*What you need to do*. Every line below from the one containing "OpenAI Forja Alianzas" through the one containing "Fishers, IN 46037" is to be printed exactly, with the pictures omitted.

*Material shown*.
┌──
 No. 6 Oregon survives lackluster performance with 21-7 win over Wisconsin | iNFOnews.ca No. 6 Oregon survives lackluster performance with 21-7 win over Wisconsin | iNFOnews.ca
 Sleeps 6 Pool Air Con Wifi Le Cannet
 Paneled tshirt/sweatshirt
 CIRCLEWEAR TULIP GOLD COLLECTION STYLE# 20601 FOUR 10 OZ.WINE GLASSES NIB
└──
┌──
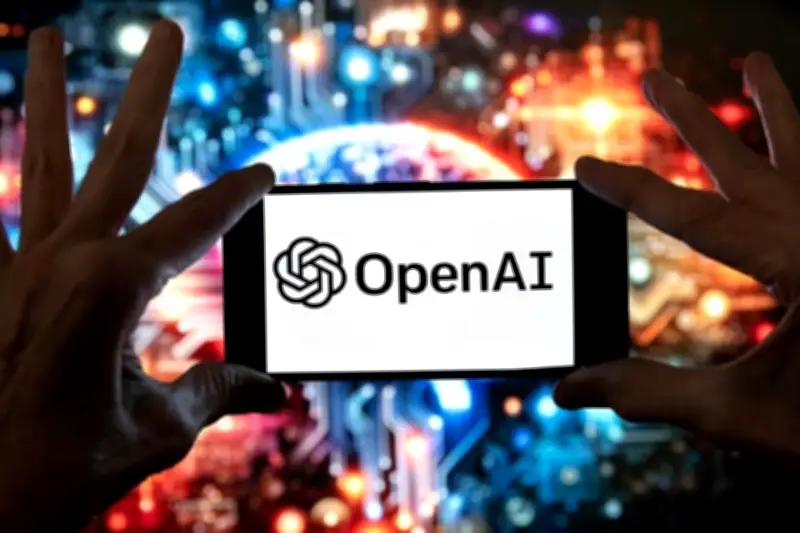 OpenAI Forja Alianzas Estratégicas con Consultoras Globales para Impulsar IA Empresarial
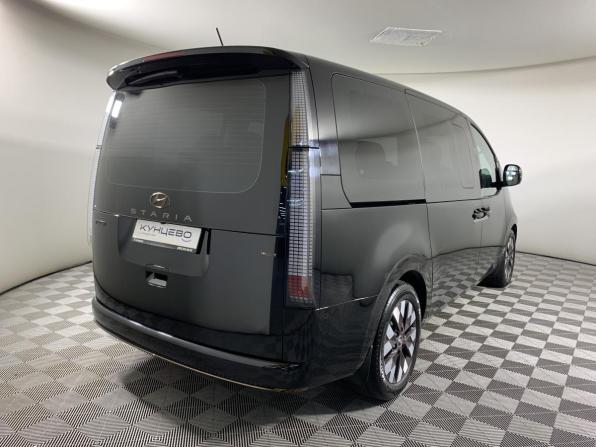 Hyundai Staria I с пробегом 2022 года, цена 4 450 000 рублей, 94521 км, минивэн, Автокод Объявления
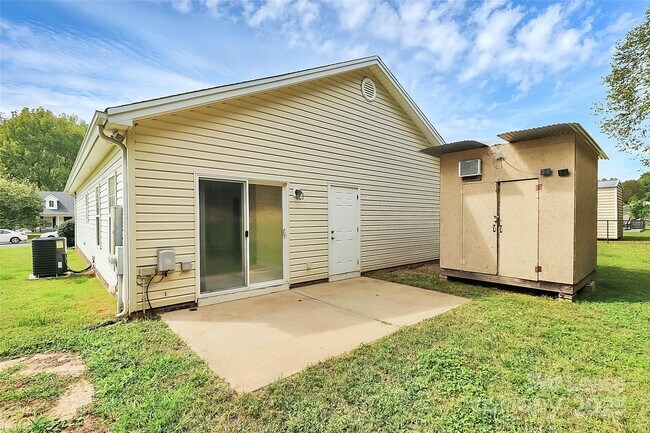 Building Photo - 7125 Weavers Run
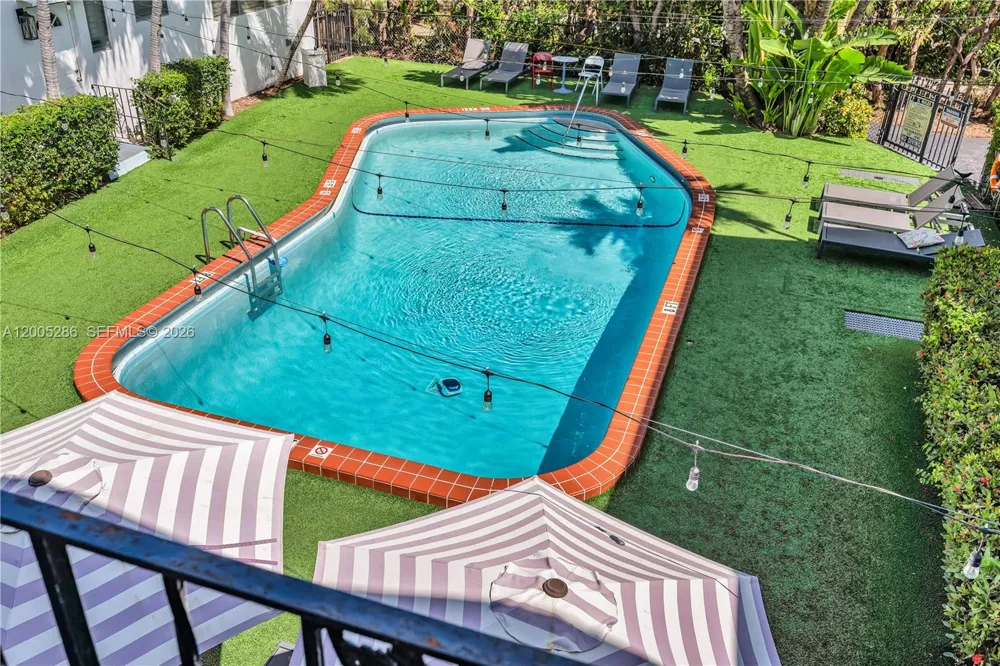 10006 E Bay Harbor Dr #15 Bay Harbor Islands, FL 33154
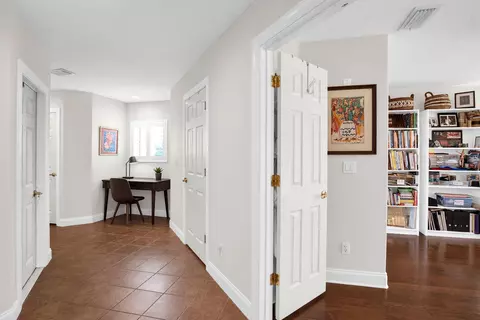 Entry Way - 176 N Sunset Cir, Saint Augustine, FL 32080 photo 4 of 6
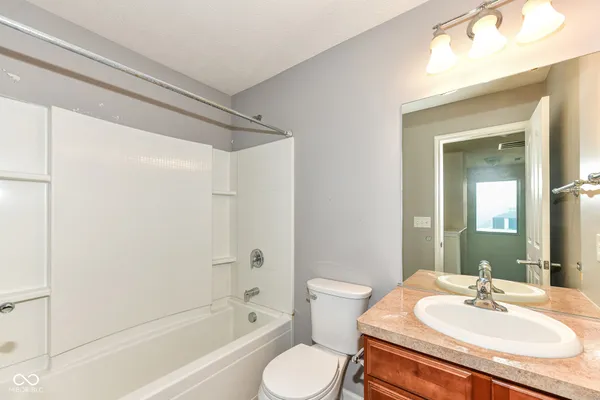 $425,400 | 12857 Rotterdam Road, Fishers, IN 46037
└──
*Completed task*.
 OpenAI Forja Alianzas Estratégicas con Consultoras Globales para Impulsar IA Empresarial
 Hyundai Staria I с пробегом 2022 года, цена 4 450 000 рублей, 94521 км, минивэн, Автокод Объявления
 Building Photo - 7125 Weavers Run
 10006 E Bay Harbor Dr #15 Bay Harbor Islands, FL 33154
 Entry Way - 176 N Sunset Cir, Saint Augustine, FL 32080 photo 4 of 6
 $425,400 | 12857 Rotterdam Road, Fishers, IN 46037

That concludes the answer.